Essa passagem clássica do evangelho de João constitui-se um dos textos mais belos de toda a Bíblia. Nela, João fala sobre o misterioso acontecimento da encarnação.
Do ponto de vista da apologética, a declaração "e o verbo se fez carne (...)" é um repúdio definido contra todo e qualquer ensinamento gnóstico, tanto no que se refere à natureza do Logos, quanto no que diz respeito à natureza física humana.[2] Uma das crenças básicas do gnosticismo era que a matéria era inerentemente má.[3] Sendo assim, a idéia de que o Cristo pré-encarnado (o Logos) se uniu à matéria (se fez carne) seria uma idéia inconcebível para qualquer gnóstico.

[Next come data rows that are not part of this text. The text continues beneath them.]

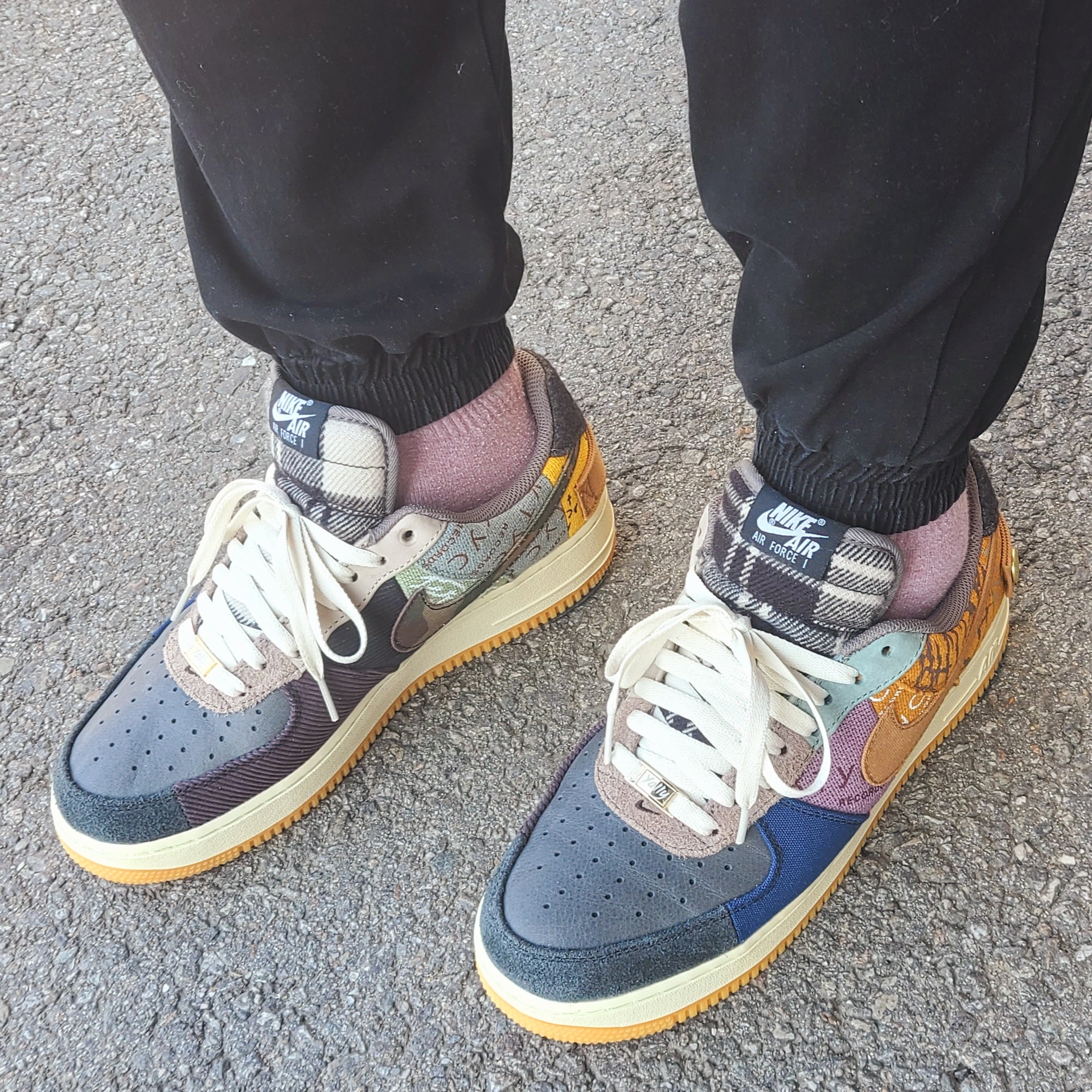 Nike x Travis Scott Air Force 1 Low Cactus Jack 착용 스타일 - 3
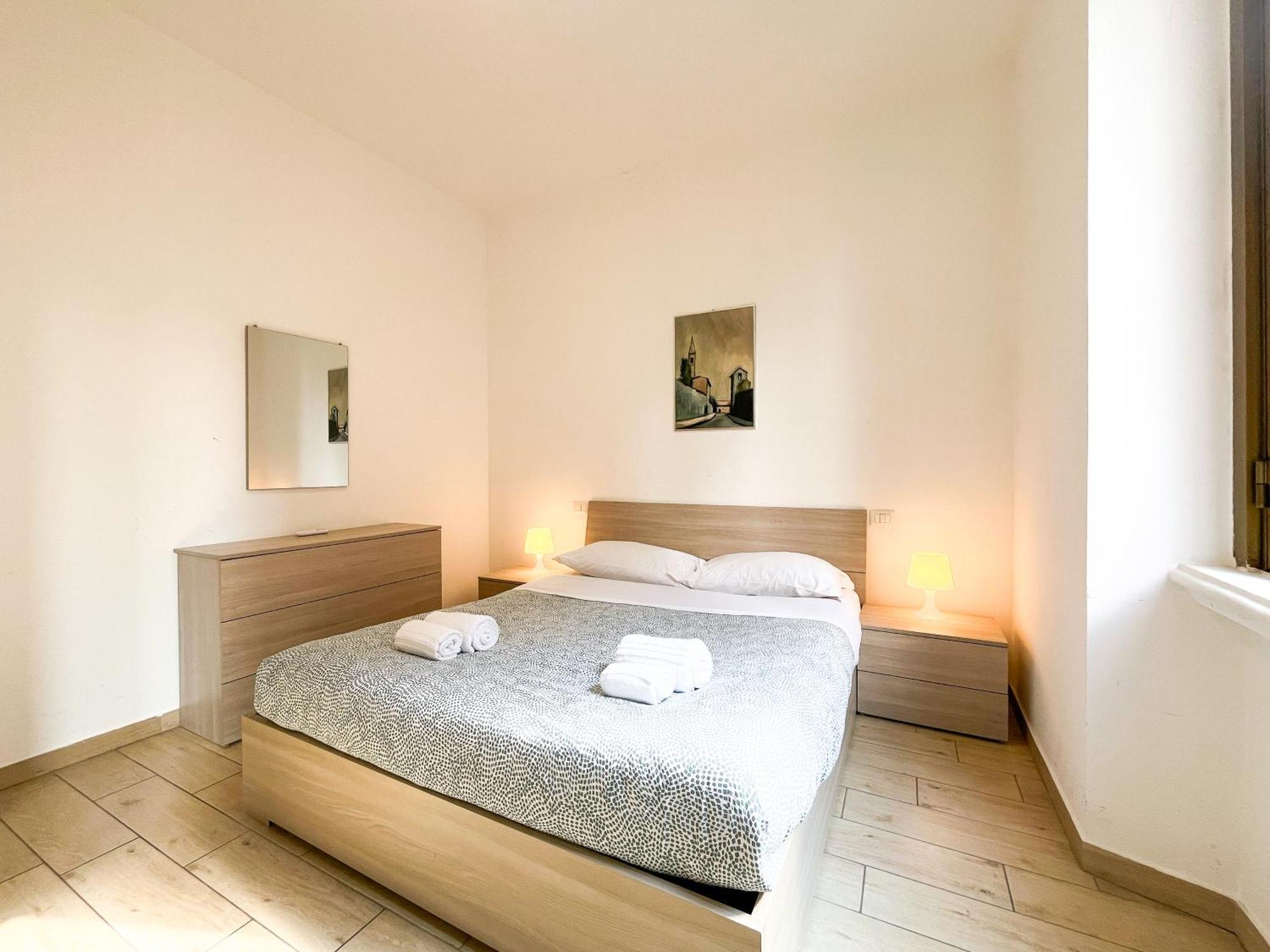 Along The Canal Smart Flat Naviglio - 4 People Corsico Luaran gambar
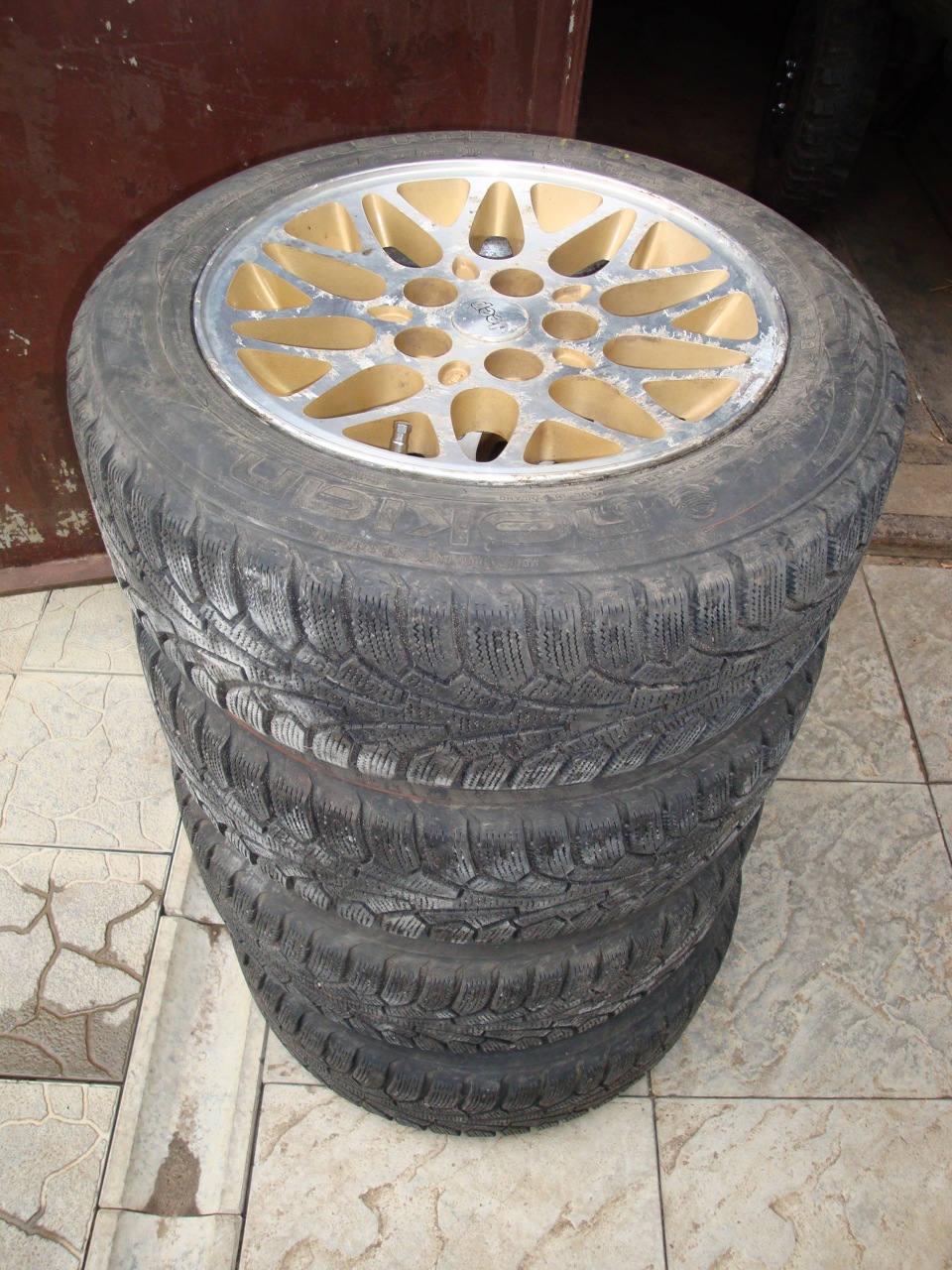 Змінив гуму. 1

"Assim como o fogo estava na sarça que Moisés viu, igualmente a plenitude da deidade habitava corporalmente em Cristo, que foi feito carne e habitou entre nós. (...) O eterno fogo da natureza divina habitou na sarça da frágil natureza humana, contudo a natureza humana não foi consumida".[5]
Outro aspecto que deve ser salientado é o verbo morou: "o verbo se fez carne e morou (...)". Aqui, o verbo usado para "morou" é o verbo grego eskenosen, derivado de eskenoo, "viver numa tenda, estabelecer-se". Tal vocábulo dá a entender que "a carne de Jesus Cristo é a nova localização da presença de Deus na terra; Jesus substitui o antigo tabernáculo".[6] Em outras palavras, poderíamos traduzir o início de Jo 1.14 assim: "E o verbo se fez carne e tabernaculou (montou tabernáculo) entre nós (...)". Javé, que havia dito a Davi nas páginas do Antigo Testamento: "andei em tenda e em tabernáculo" (2 Sm 7.6), acaba encontrando o fim de sua peregrinação terrena no último de seus tabernáculos: a carne humana.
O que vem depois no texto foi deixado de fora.